TASK PROMPT | Restate the data below word for word, and let no image into your version.

SUPPLIED DATA Start Marker

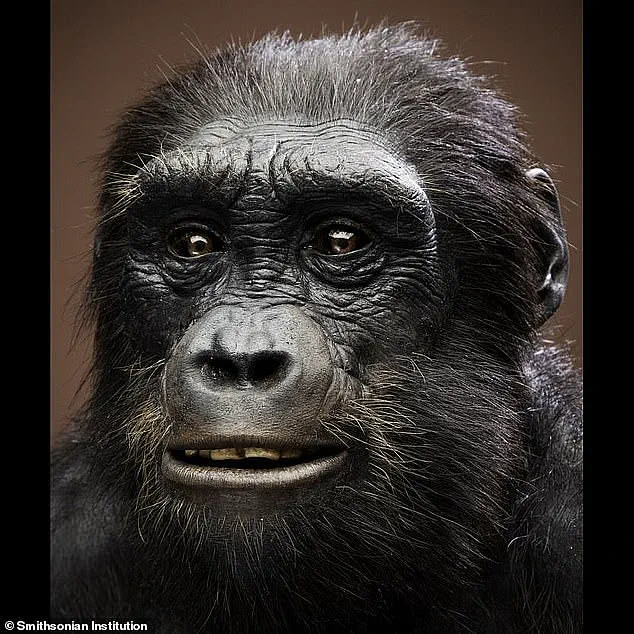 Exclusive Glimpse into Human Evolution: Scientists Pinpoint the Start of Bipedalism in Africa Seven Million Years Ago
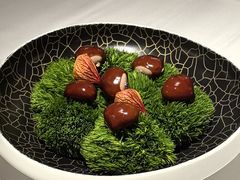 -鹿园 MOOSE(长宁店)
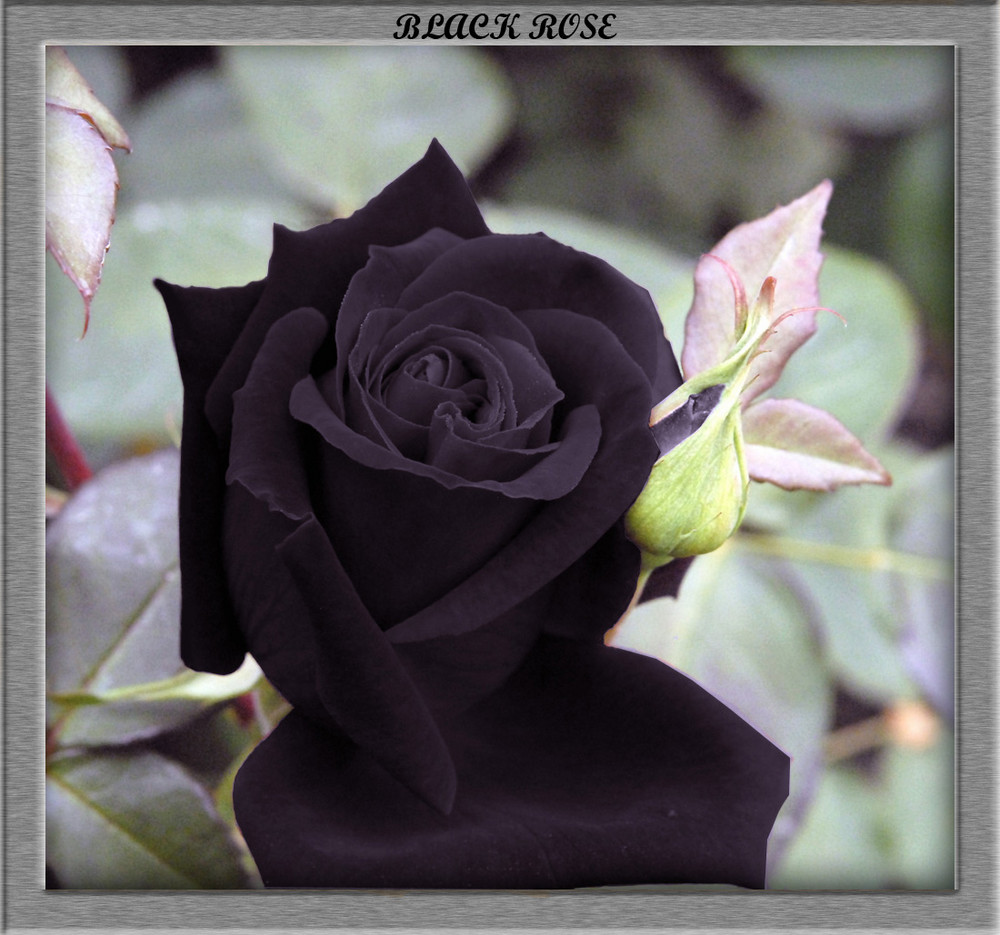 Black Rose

SUPPLIED DATA End Marker

RESPONSE |
 Exclusive Glimpse into Human Evolution: Scientists Pinpoint the Start of Bipedalism in Africa Seven Million Years Ago
 -鹿园 MOOSE(长宁店)
 Black Rose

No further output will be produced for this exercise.